Action item:
Your task is to return all of the records exactly, minus any images.

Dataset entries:
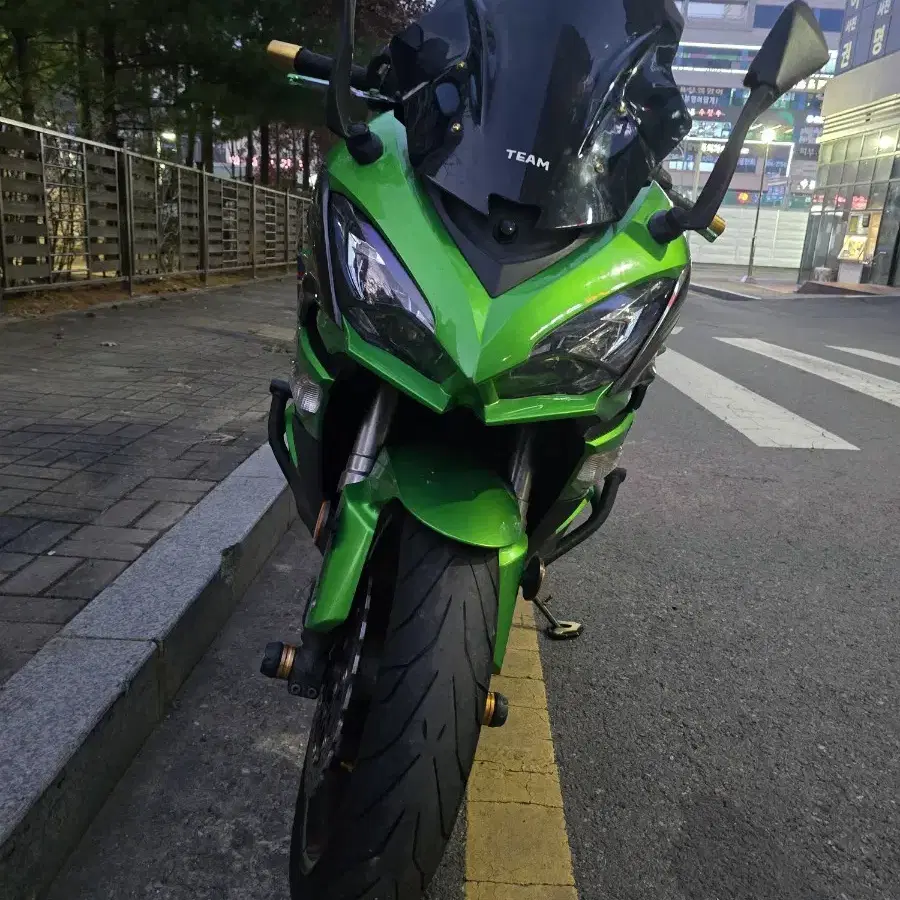 가와사끼 z1000sx [지숙이] 풀배기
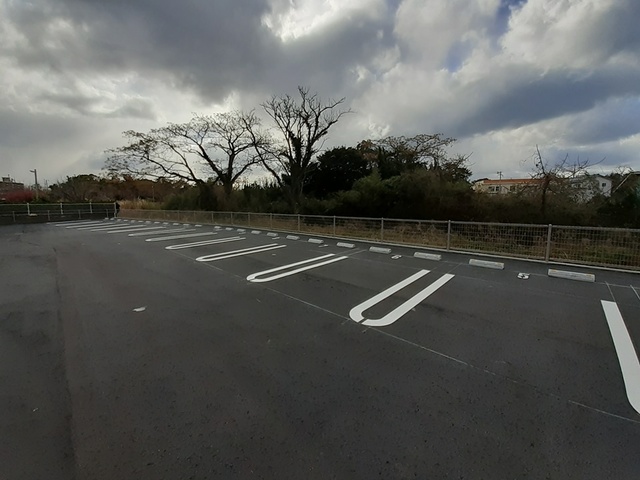 14/20 駐車場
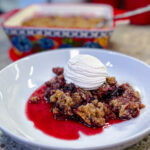 keto blackberry crumble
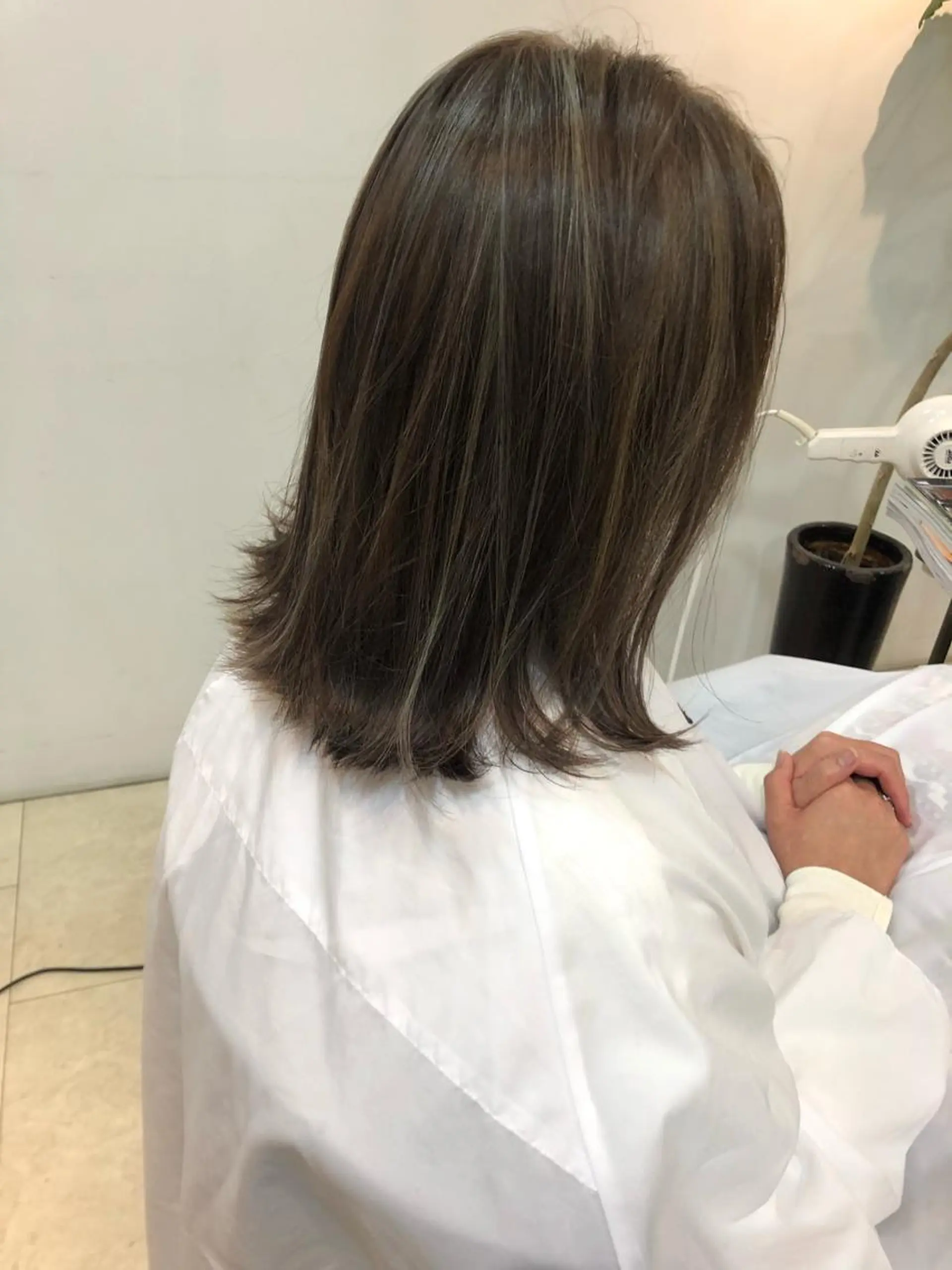 ミディアム カラー ハイライトカラー ハイライト 田中 貴大のヘアスタイル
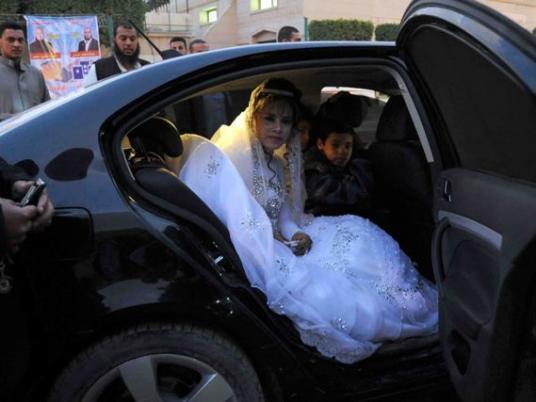 فتاة تحكى ماذا فعل بها والدها وعمها يوم زفافها وتصدم الجميع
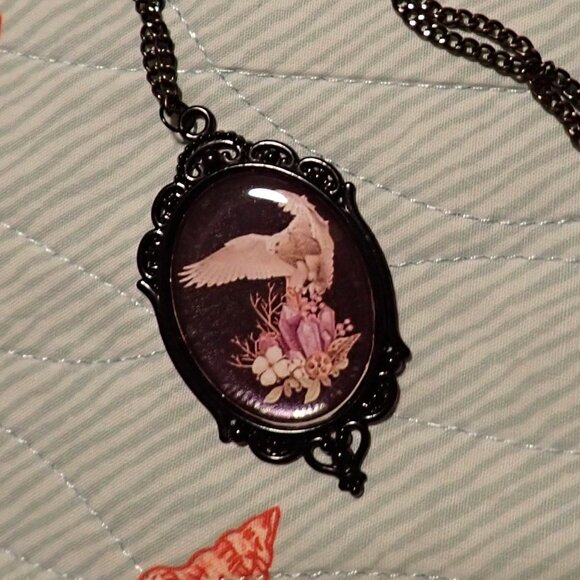 Witchy gothic snowy owl and crystals necklace - Picture 2 of 3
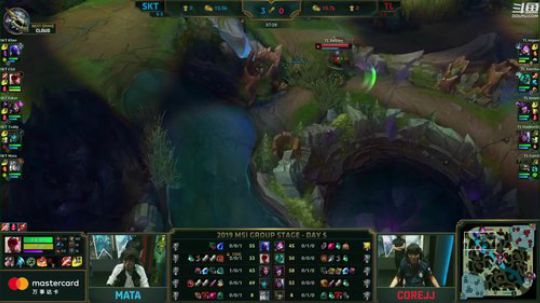 我在斗鱼看英雄联盟赛事直播英雄联盟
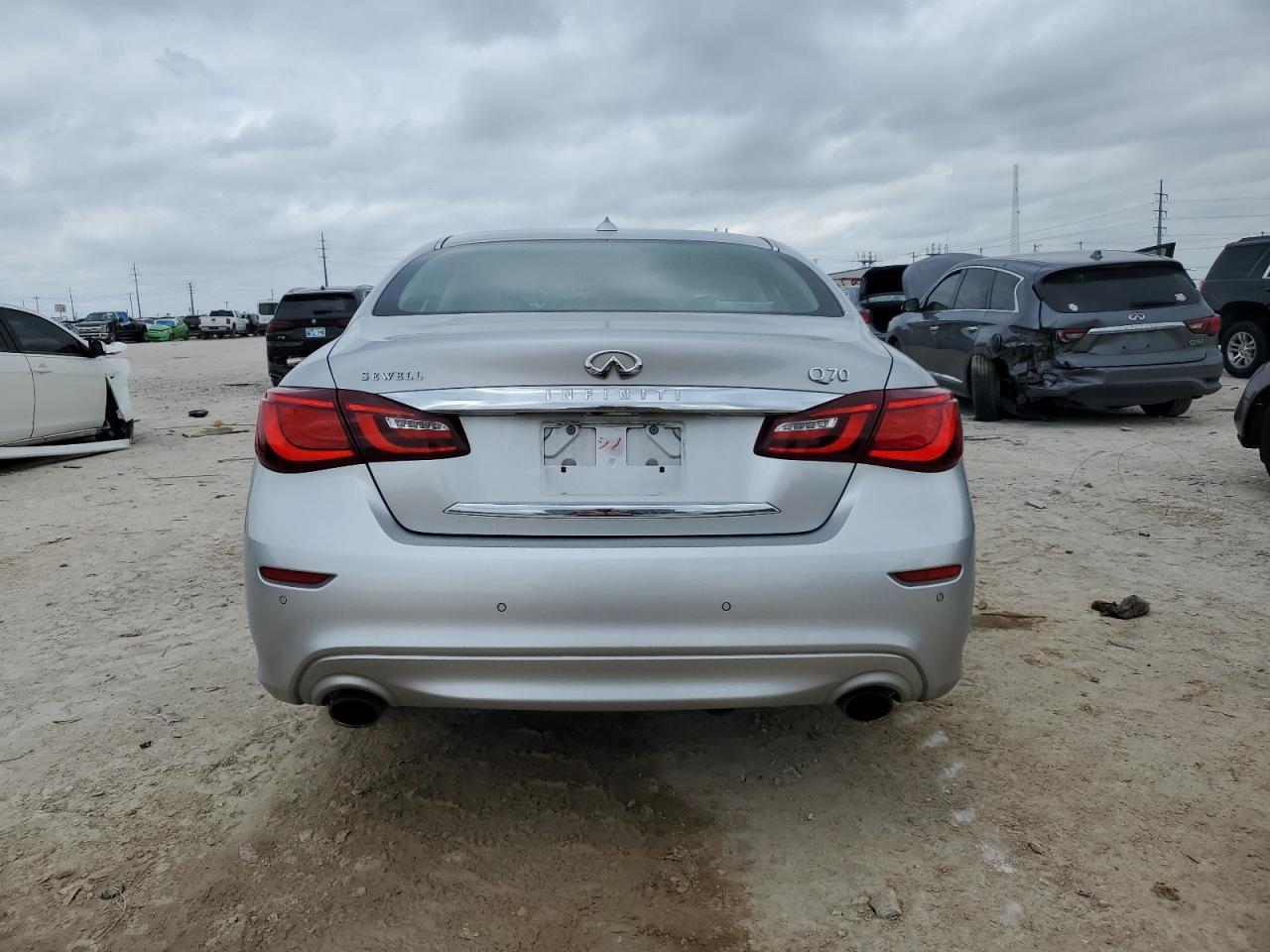 2015 INFINITI Q70 3.7 - Image 6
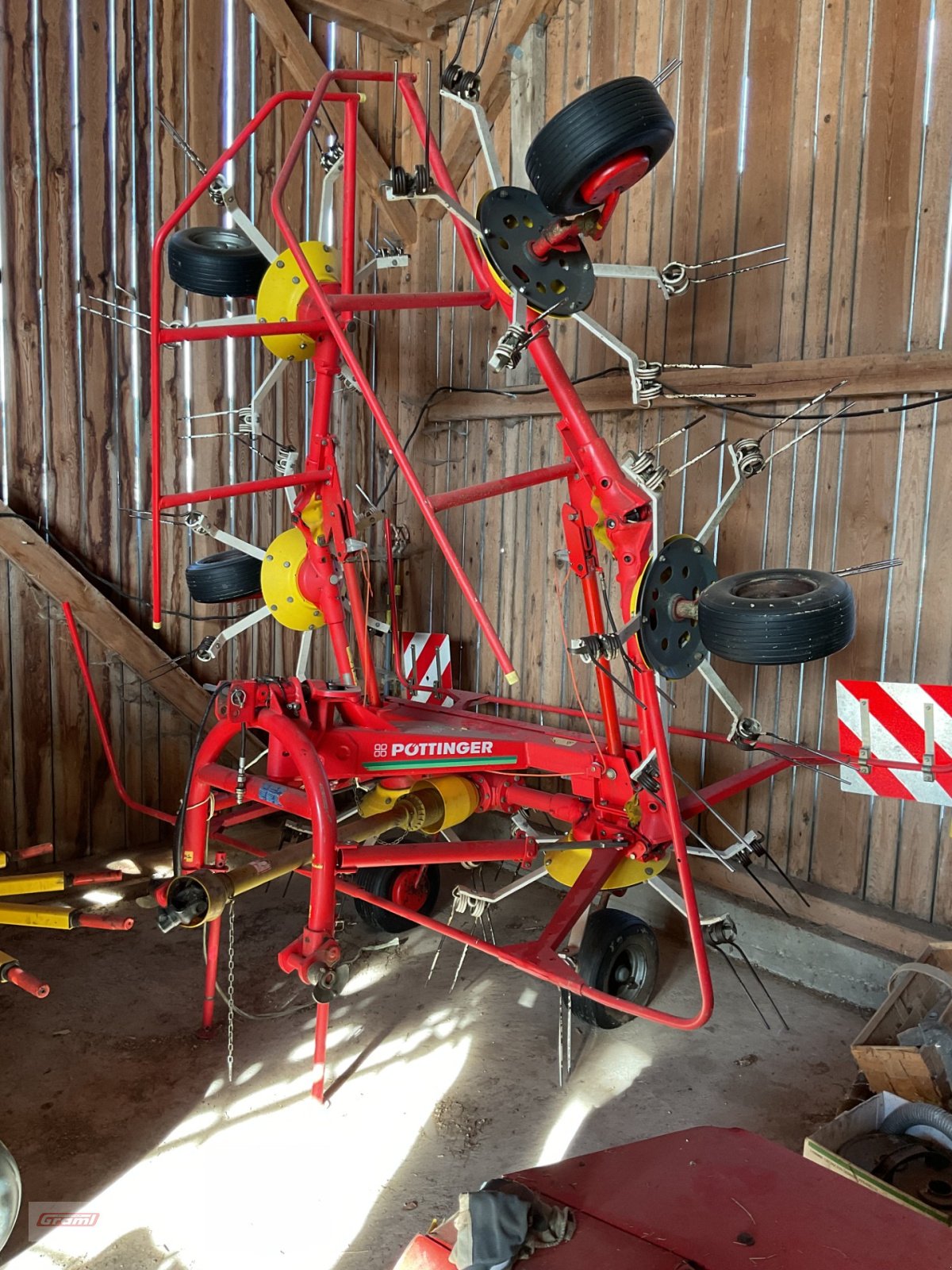 Kreiselheuer του τύπου Pöttinger Hit 69 N, Gebrauchtmaschine σε Kößlarn (Φωτογραφία 1)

Written solution:
 가와사끼 z1000sx [지숙이] 풀배기
 14/20 駐車場
 keto blackberry crumble
 ミディアム カラー ハイライトカラー ハイライト 田中 貴大のヘアスタイル
 فتاة تحكى ماذا فعل بها والدها وعمها يوم زفافها وتصدم الجميع
 Witchy gothic snowy owl and crystals necklace - Picture 2 of 3
 我在斗鱼看英雄联盟赛事直播英雄联盟
 2015 INFINITI Q70 3.7 - Image 6
 Kreiselheuer του τύπου Pöttinger Hit 69 N, Gebrauchtmaschine σε Kößlarn (Φωτογραφία 1)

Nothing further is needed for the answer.